RETHO: High-dose re-irradiation for in-field recurrent lung cancer
International Journal of Radiation Oncology Biology Physics
Study: Prospective phase II.
Key data: Median OS ~18 months; grade ≥3 toxicity ~20%.
Why it matters: Supports re-irradiation as a viable salvage option in selected patients.
Clinical context & caveats: Requires strict dose constraints and experienced centers.
Other Notable Publications
Translational & Molecular Stratification
NSCLC molecular subtypes and vulnerability to immunotherapy combinations
Nature Communications
Study: Integrated multi-omic analysis combining transcriptomics, genomics, and clinical outcomes to define molecular NSCLC subtypes and their differential sensitivity to immunotherapy combinations.
Key data: Distinct molecular subtypes showed differential benefit from IO monotherapy versus IO + chemotherapy or IO + anti-angiogenic combinations; subtype-based stratification discriminated treatment benefit beyond PD-L1 alone.
Why it matters: Moves patient selection beyond single-biomarker (PD-L1) frameworks toward biologically informed combination strategies.

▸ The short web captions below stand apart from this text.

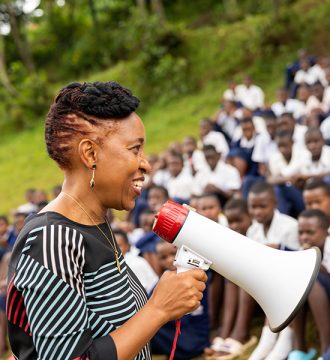 Dr Akiiki Speaking to Butaro high school students, launching Bwiza Initiative - a program to address period poverty
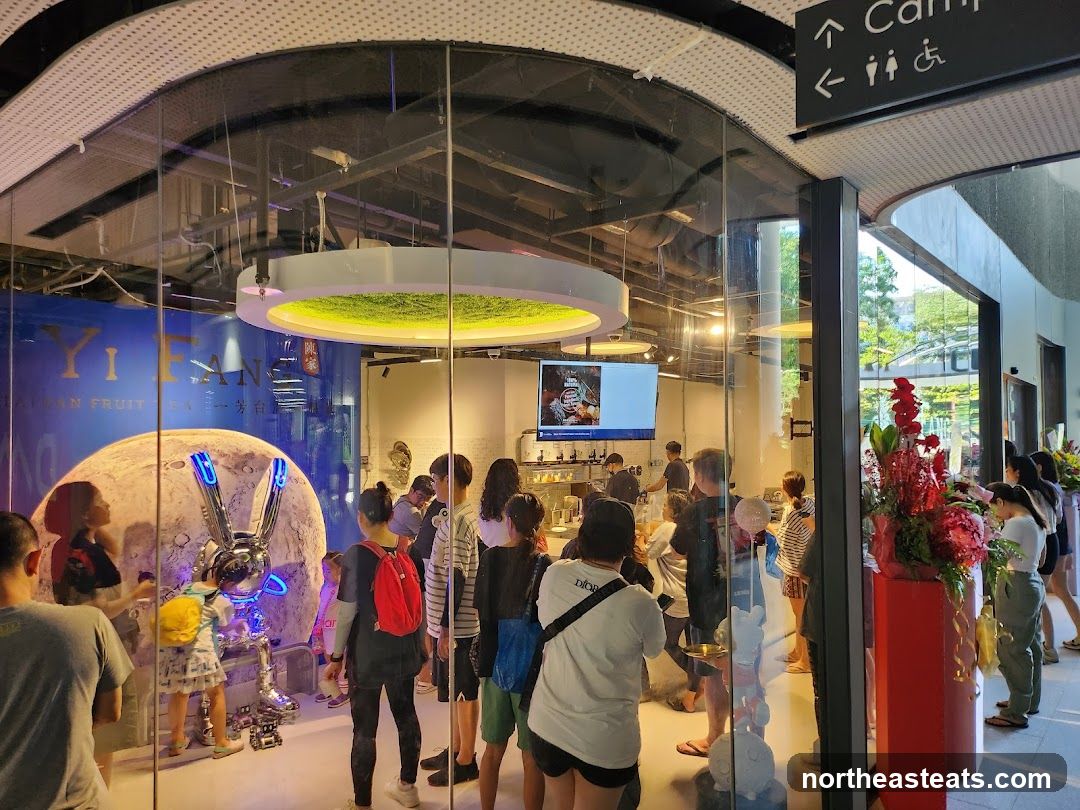 People inside a store with a large moon and rabbit sculpture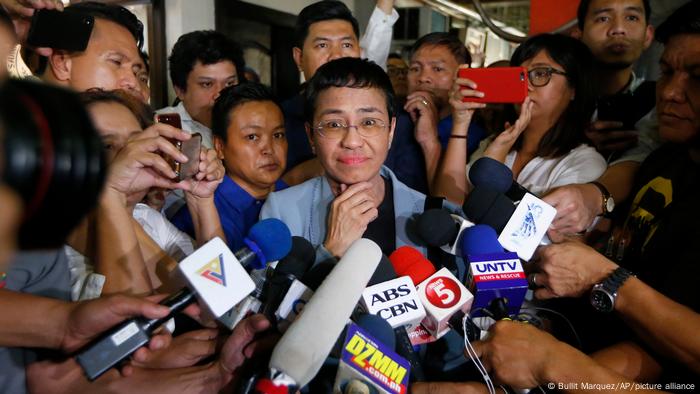Journalist Maria Ressa surrounded by journalists with microphones and cellphones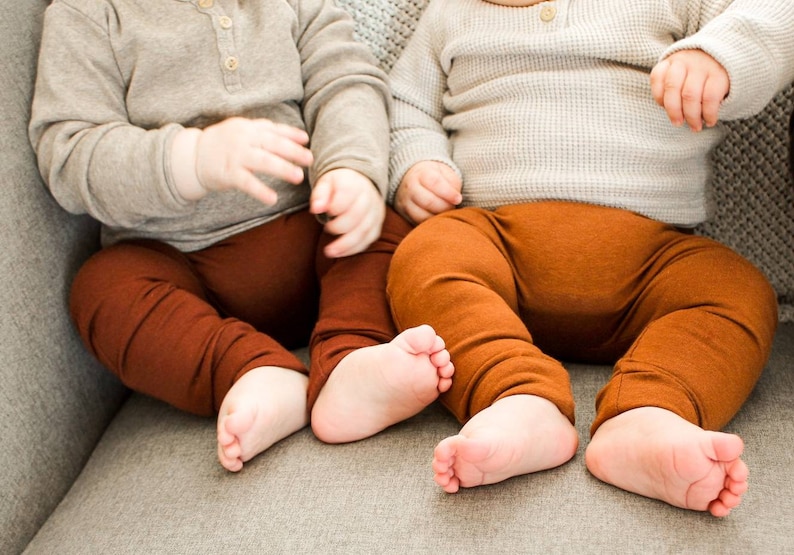 Pode incluir: Dois beb&ecirc;s vestindo cal&ccedil;as marrons e camisas cinzas de manga comprida est&atilde;o sentados em um sof&aacute; cinza.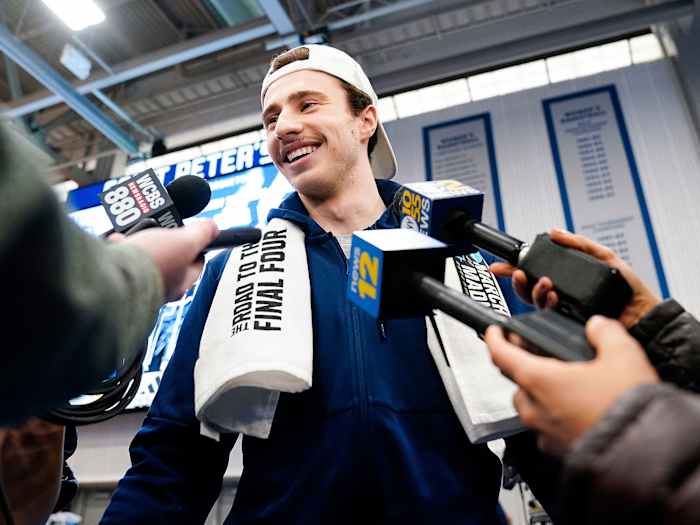 Saint Peter’s Doug Edert speaks to media in March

Clinical context & caveats: Retrospective and hypothesis-generating; molecular classifiers are not yet standardized or prospectively validated.
Real-World Evidence
Atezolizumab + chemotherapy in Japanese clinical practice (J-TAIL-2)
Cancer Science
Study: Large prospective real-world cohort evaluating atezolizumab plus platinum-based chemotherapy in advanced NSCLC.
Key data: Median OS ~20 months; no unexpected immune-related toxicity; discontinuation rates similar to trials.
Why it matters: Confirms that IO-chemotherapy effectiveness and tolerability translate into routine clinical practice outside randomized trials.
Clinical context & caveats: Observational design; treatment selection and follow-up heterogeneity limit causal inference.
Special Populations
Durvalumab in PS 2–3, PD-L1–high metastatic NSCLC (SAVIMMUNE)
JTO Clinical and Research Reports
Study: Multicenter phase II trial of durvalumab monotherapy in treatment-naïve stage IV NSCLC with ECOG PS 2–3 and PD-L1 ≥50%.
Key data: Median OS ~10 months; clinical benefit observed despite poor baseline performance status.
Why it matters: Addresses a major evidence gap for immunotherapy use in frail, underrepresented patients.
Clinical context & caveats: Single-arm; outcomes remain inferior to PS 0–1 populations; careful patient selection essential.
Expert Takeaways
ADC-based escalation is moving toward replacing chemotherapy after osimertinib failure.
MET amplification is now a clinically actionable resistance pathway when properly defined.
Perioperative immunotherapy benefit is consistent across PD-1 platforms and populations.
Consolidation durvalumab remains the backbone of unresectable stage III disease beyond classic concurrent CRT.
Radiotherapy is increasingly deployed as a biologically integrated, precision tool rather than volume-based escalation.
Notes on generalizability & bias signals (cross-cutting)
Several datasets remain Asia-predominant.
Early-phase combination strategies require validation before routine adoption.
Advanced RT strategies depend heavily on institutional infrastructure.
Disclaimer: Publication dates reflect journal issue month; some articles may have appeared online earlier ahead of print.